Using the GDELT public database in Google query, I am trying to find the top themes associated with Israeli Prime Minister Benjamin Netanyahu around March 3, 2015.
I used the following SQL query
SELECT theme, COUNT(*) as count
FROM (
select REGEXP_REPLACE(SPLIT(V2Themes,';'), r',.*', '') theme
from `gdelt-bq.gdeltv2.gkg`
where DATE>20150302000000 and DATE < 20150304000000 and V2Persons like '%Netanyahu%'
)
group by theme
ORDER BY 2 DESC
LIMIT 300
The split is necessary because the V2Themes column uses nested listings. I then want to remove the character offset. This should give me the following:
Row theme count
1 GENERAL_GOVERNMENT 33677
2 LEADER 33405
3 TAX_FNCACT_MINISTER 31174
4 .... ...
But I get an error instead:
No matching signature for function REGEXP_REPLACE for argument types: ARRAY<STRING>, STRING, STRING.

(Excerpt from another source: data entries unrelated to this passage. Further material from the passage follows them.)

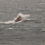 An orange lifeboat navigates choppy, rough seas with waves splashing over its bow.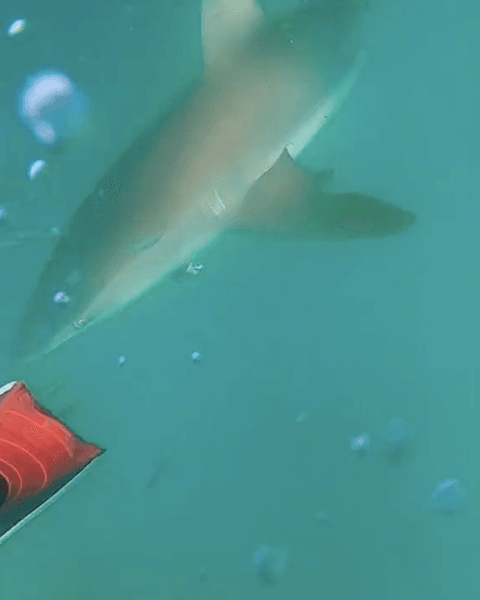 Нападение акулы в Австралии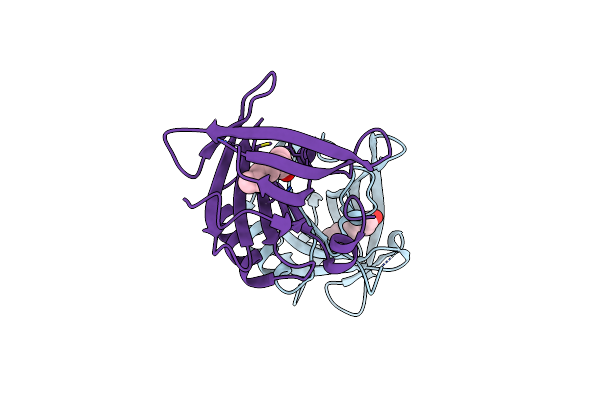 6T44 image
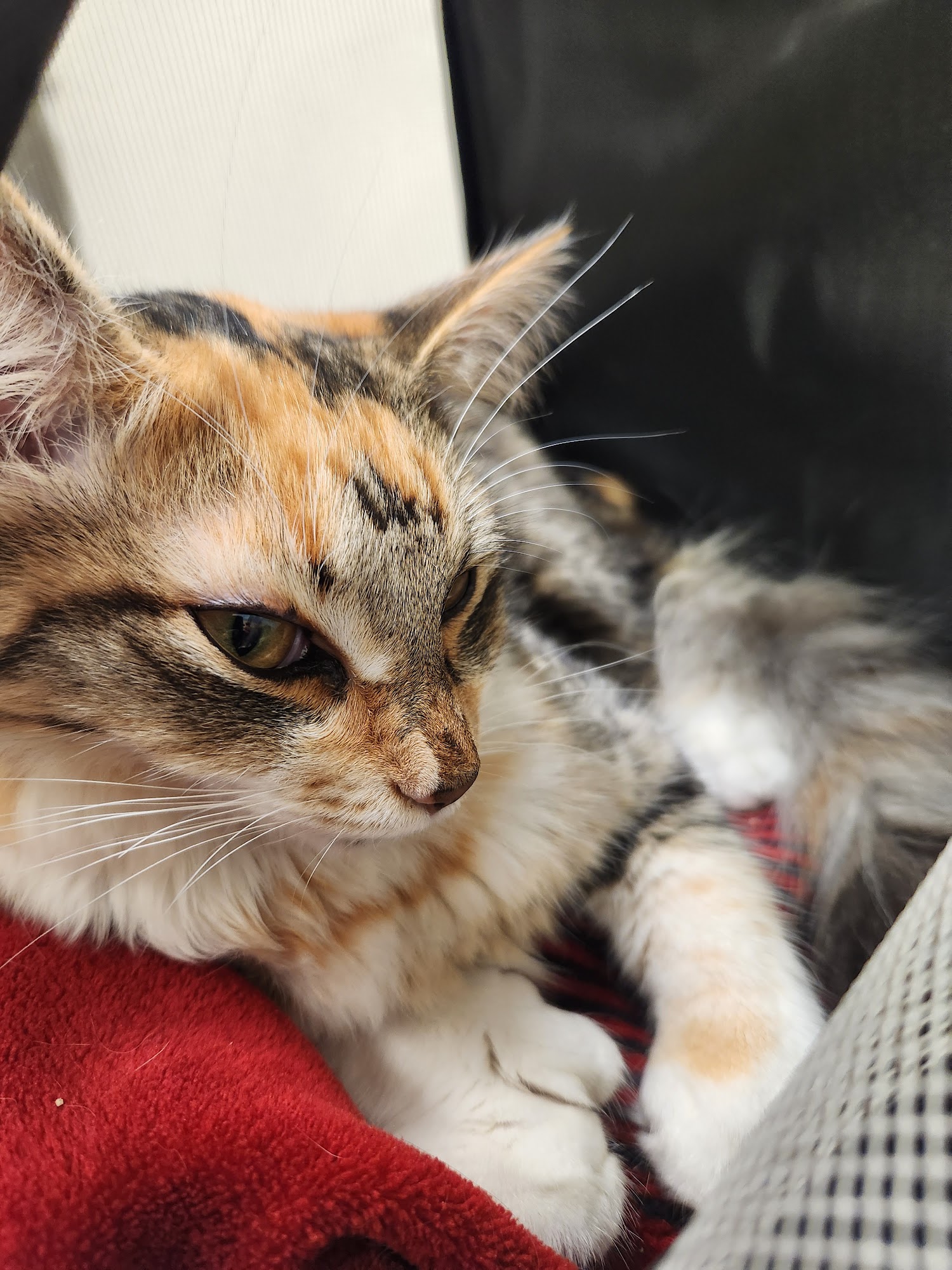 Moreno Valley Animal Shelter Moreno Valley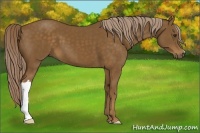Horse Color:Chocolate Palomino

I understand that SPLIT() creates an array of strings, but I do not know how to resolve this issue.
Is there another function I should use, or can this problem be resolved in another way?
*EDIT
The query works when it is run with Legacy SQL (also need to change the quotation marks to squared brackets). How can I achieve the same using standard SQL?